States have made sales tax more confusing by expanding some categories and shrinking or eliminating other categories.
In days of old there were taxes on items, and specific taxes on other small categories such as fuel and cigarets . In many states there were taxes implemented state wide, and in other cases they only applied to a specific city or region.
As time went on taxes could be raised to bring in more money for the state or local government, but these tax increase were seen as unfair to the poor. So now the states are modifying and tweaking the tax rates. Some items are tax free, some have a low tax, and some are at the full tax rate.
This can get confusing because the type of store can also play a factor. A bag a chips from a grocery store can be treated differently than a bag of chips from a hotdog stand. Some states have also added special taxes on snack foods.
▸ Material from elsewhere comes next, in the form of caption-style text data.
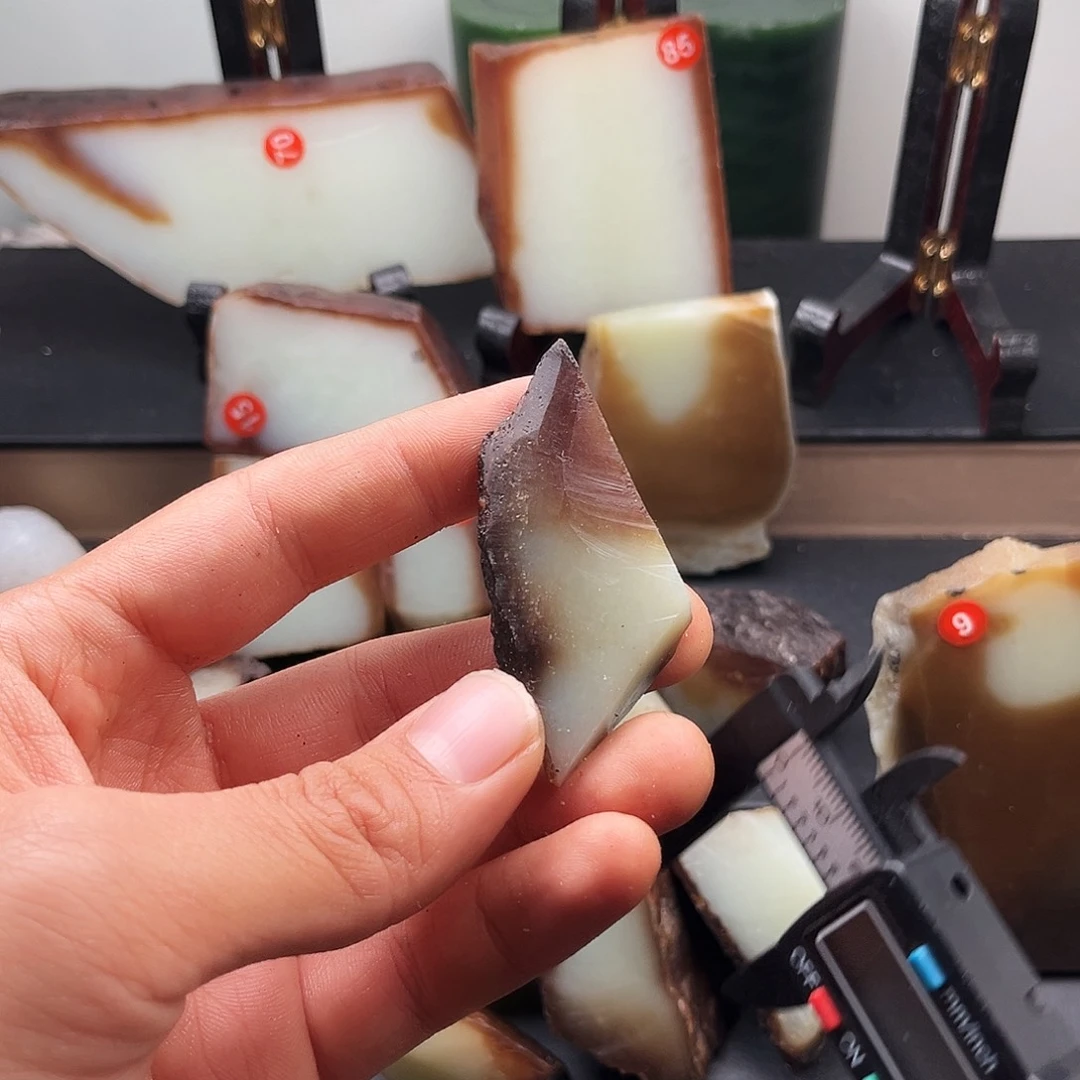 和田玉（糖玉）未镶嵌颈饰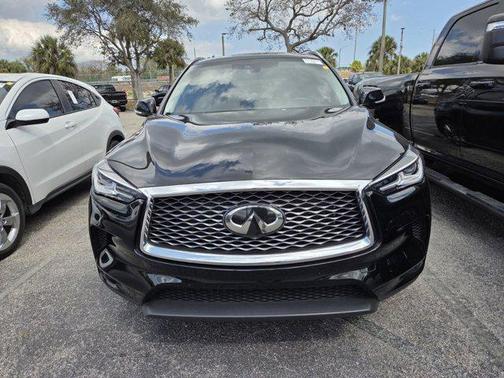 2023 INFINITI QX50 LUXE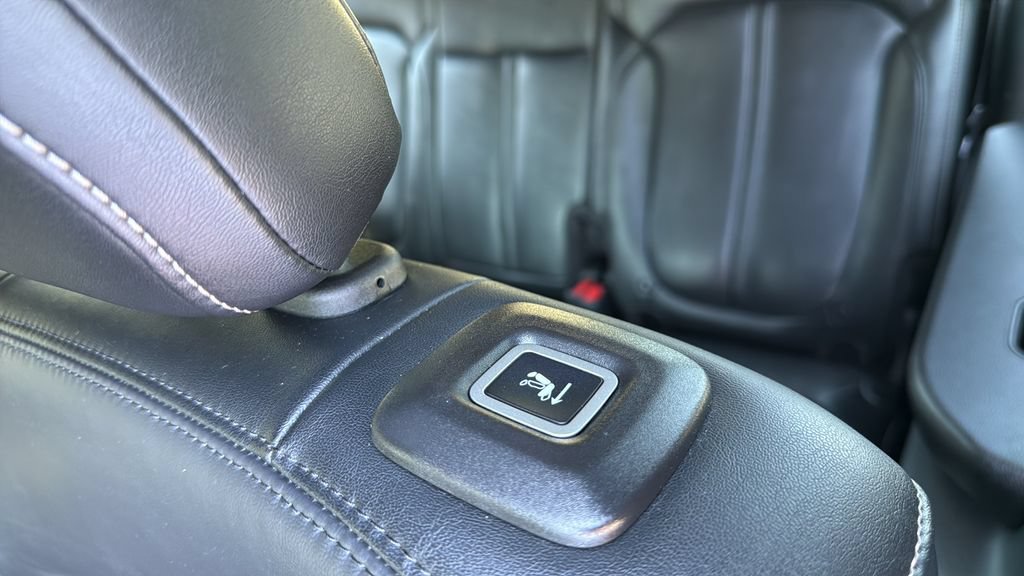 Used 2022 Jeep Wagoneer Series III w/ Premium Group I AWD/4WD image 22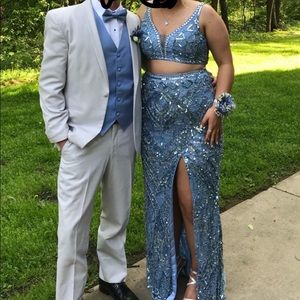Beautiful blue prom dress!!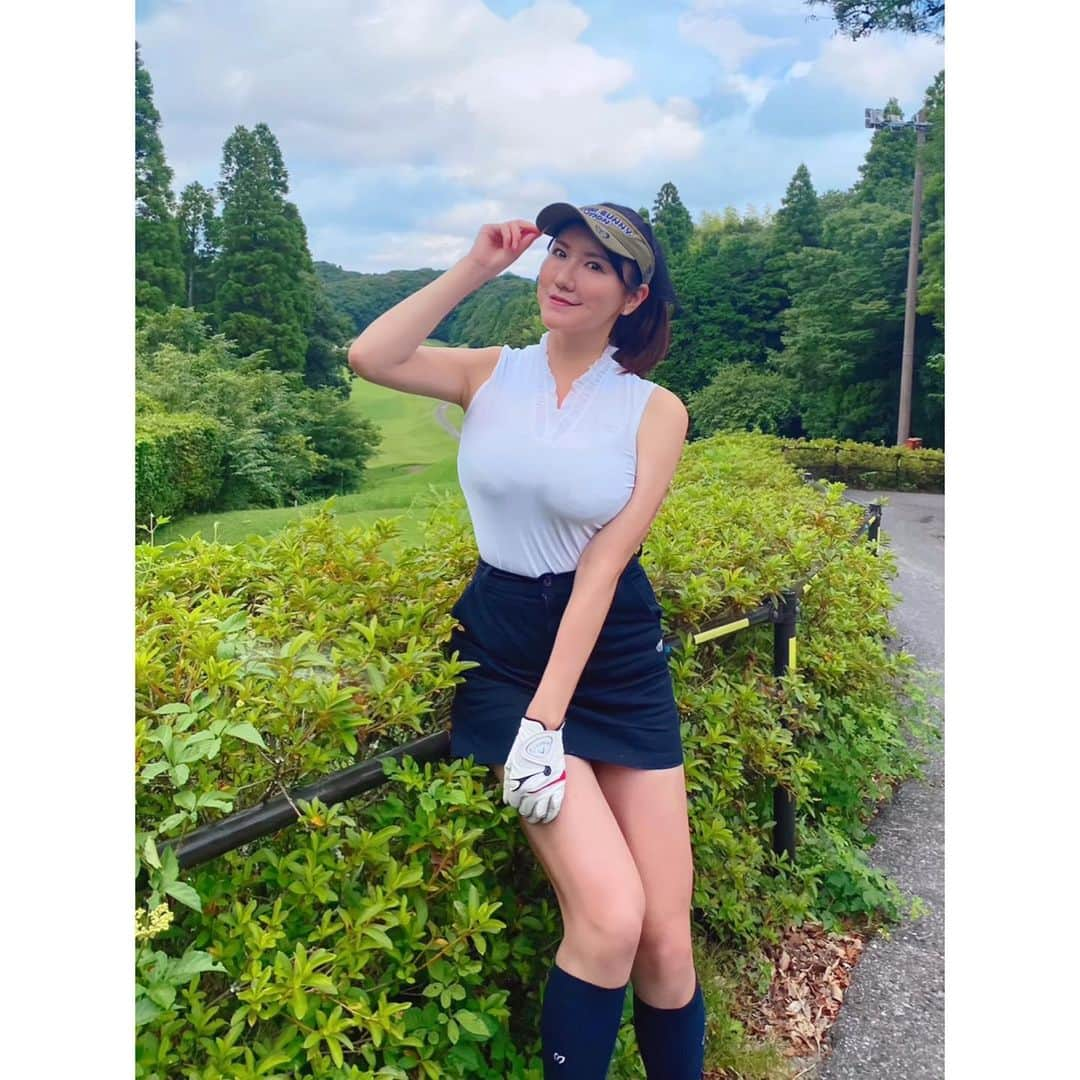 田名網理恵子さんのインスタグラム写真 - (田名網理恵子Instagram)「ゴルフにハマる夏⛳️🏌️‍♀️前回より−5！！ 悔しさばかりな結果でした😭目標スコアには届かず😭 @harajukugolf_academy に行って動画見てもらって ダメな所を直して頂きました！ コースに出ると、打ちたい！飛ばしたい！って気持ちが強くなり過ぎてて、手打ちになってるみたい。 基礎の大切さを再再再確認できました😭😭 悔しさばかりだったはずなのに、 もうコースに行きたいと思っている私は、 完全にゴルフに沼ってますね💁🏼‍♀️❤️😉😉 ・ ・ #ゴルフ初心者#ゴルフ始めて3ヶ月 #ゴルフ#ゴルフ女子#ゴルフコーデ#ゴルフデート #マスターバニー#マスターバニーエディション #ムーンレイクゴルフクラブ#ゴルフ好きな人と繋がりたい  #MASTERBUNNYEDITION#MASTERBUNNY #golfwear#golf#golfstagram」8月10日 19時08分 - 1004rieko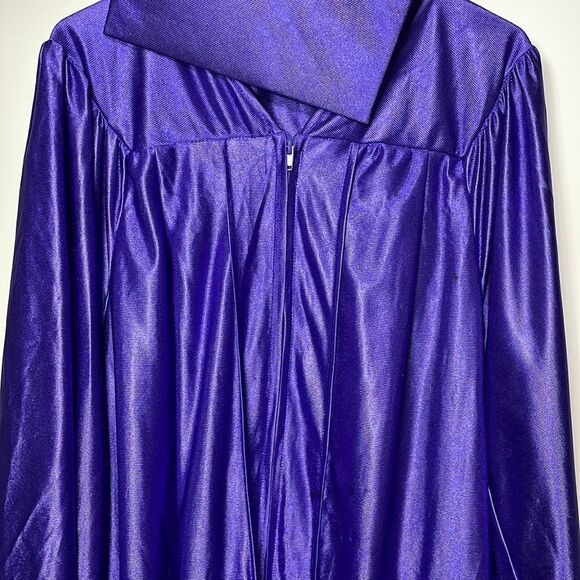 Purple graduation gown - Picture 3 of 9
In general, purchases they want to encourage (staples from the grocery store) are tax free or low tax, items they don't want to encourage (snacks) are fully taxed. You can also be sure that they will treat luxury items as fully taxed.
A new frontier of taxation are ones designed to tax people who don't live there. They have added taxes on restaurants and hotels. Since they are paid by tourists, the people most likely to pay them don't have a voice in setting the rate.
States are now wanting to tax services as a way to make up shortfalls in taxing.
Don't expect consistency from state to state, or year to year.
Oh by the way that penny tax was for something that cost 17 cents or less, unless that item had a lower tax rate. The receipt should clearly identify the taxable items, and their tax level.